Après une allocution devant le Thing, Thorfinn débat, au tome 24 venant de paraître, avec Halfdan, un notable islandais, de la meilleure forme du gouvernement. Thorfinn veut faire du Vinland un havre de paix, mais son plan n’est à ce stade qu’une déclaration d’intention. Halfdan lui explique alors la fonction sociale du Thing : « Tous les êtres qui vivent sur cette île ont confié au Thing le droit d’user de la force dans les querelles personnelles et les affaires de vengeance […]. le Thing est un système qui monopolise la violence de toute la population de l’île. »
C’est presque mot pour mot l’analyse que fait le sociologue Max Weber du rôle de l’État dans Le Savant et le Politique (1919). À une différence près, que regrette Halfdan : contrairement à l’État moderne, le Thing ne tient son autorité que du respect de la tradition, puisqu’il n’a ni armée ni chef pour la commander. Thorfinn réfléchit, et répond qu’il pourrait y avoir un autre moyen de canaliser la violence que sa monopolisation par l’État : l’échange économique. Si chacun se spécialise, fait commerce de ses biens et de ses talents, imagine Thorfinn, cela organisera une « codépendance ». À la force des armes, Thorfinn espère substituer « la force des marchandises », où « la stabilité de la vie de ces gens devient liée à la stabilité de la nôtre ». Bref, Thorfinn rêve pour son Vinland du « doux commerce » de Montesquieu et d’Adam Smith, la paix basée sur l’échange mutuellement profitable.
Le choix des armes ?
Au Vinland, Thorfinn veut interdire les armes. La hache et la lance, puisque ce sont des outils ayant un usage productif, sont tolérés. Mais l’épée, celle dont on prétend à l’époque qu’elle est « l’âme d’un homme », doit être proscrite. Un Islandais lui oppose que les épées étant nécessaires pour se défendre, elles sont précisément la garantie de la paix par les armes. Pour Thorfinn, c’est tout le contraire : la simple présence d’une épée obligera son porteur à trouver le prétexte de son usage.
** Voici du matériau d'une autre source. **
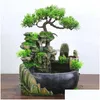 Artes e artesanato Hode Creative Indoor Simation Resin Rockery Cachoeira Estátua Feng Shui Fonte de Água Home Garden 210804 Drop Deliver Dhui8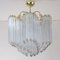 Vintage Vintage Murano Transparent Glass Coating Chandelier with Ottone Structure, Italy, 1990s 4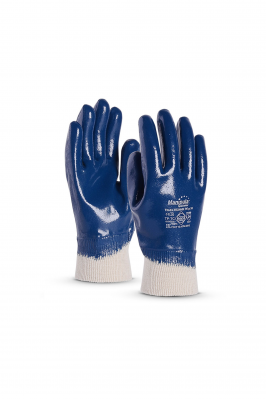 Перчатки рабочие "Техник РП TN-03" ХБ с акрилонитрилбутадиеновым покрытием цвет синий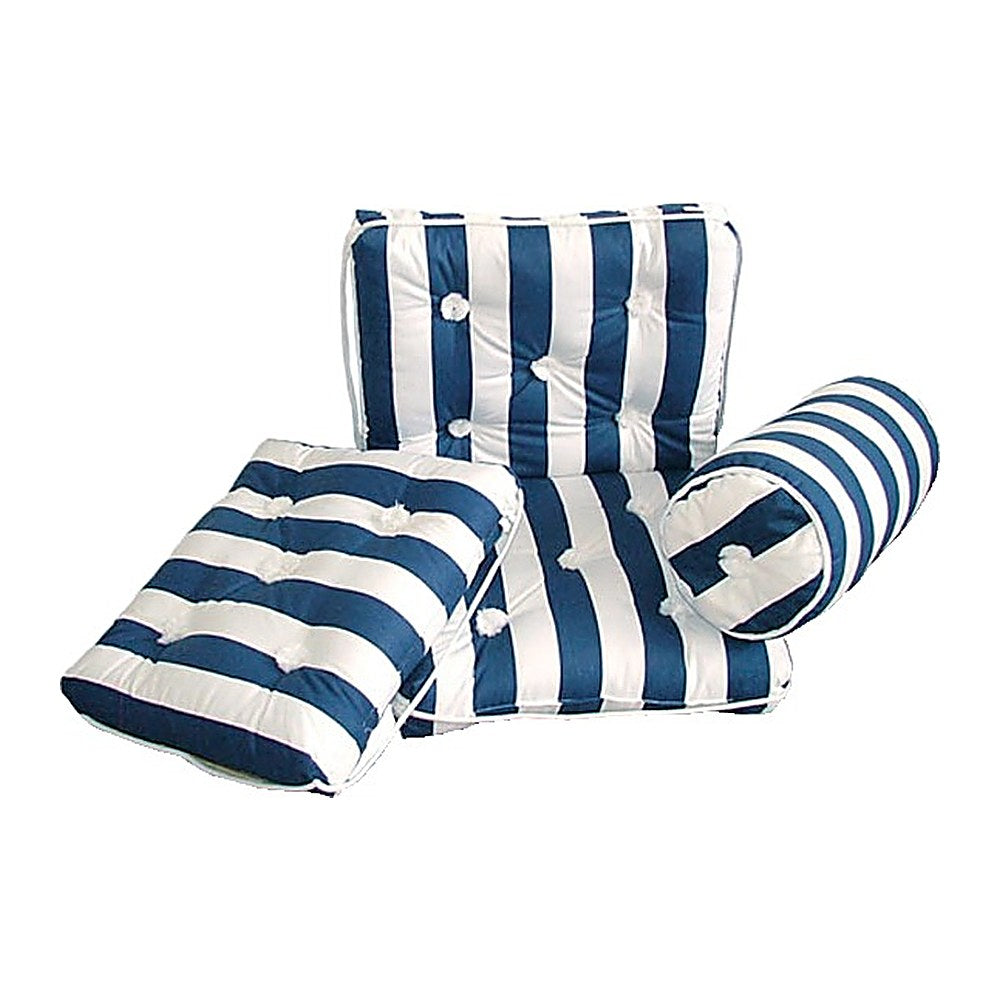 Roller cotton cushion blue/white stripe Ø190x440mm - foto originale Osculati Srl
Comme le philosophe Jacques Ellul, Thorfinn sait que toute nouvelle technologie disponible exige son déploiement : « tout ce qu’il est possible de faire doit être fait », fait dire Ellul à la Technique dans Le Système technicien (1977). Mais un Islandais fait une dernière objection : « Le monde a besoin d’équilibre des forces. »
Yukimura dessine alors une grande planche représentant une balance branlante remplie d’épées, où l’équilibre est maintenu par l’ajout continu de nouvelles armes. Une référence à peine voilée à la course au nucléaire, justifiée par l’« équilibre de la terreur », et qui a tant marqué l’imaginaire du manga japonais. « La technique nous a effectivement placés au milieu d’une centaine de volcans », observait Ellul. Avec l’épée, conclut Thorfinn, « c’est l’enfer qui nous attend ».

Couverture du tome 24 de Vinland Saga (Kurokawa). © Makoto Yukimura/Kodansha Ltd.
Vinland Saga, de Makoto Yukimura (24 tomes en français, le dernier vient de paraître, dans une traduction de Xavier Daumarie) est publié par les éditions Kurokawa. La série est disponible sur le site de l’éditeur, ainsi que chez votre libraire.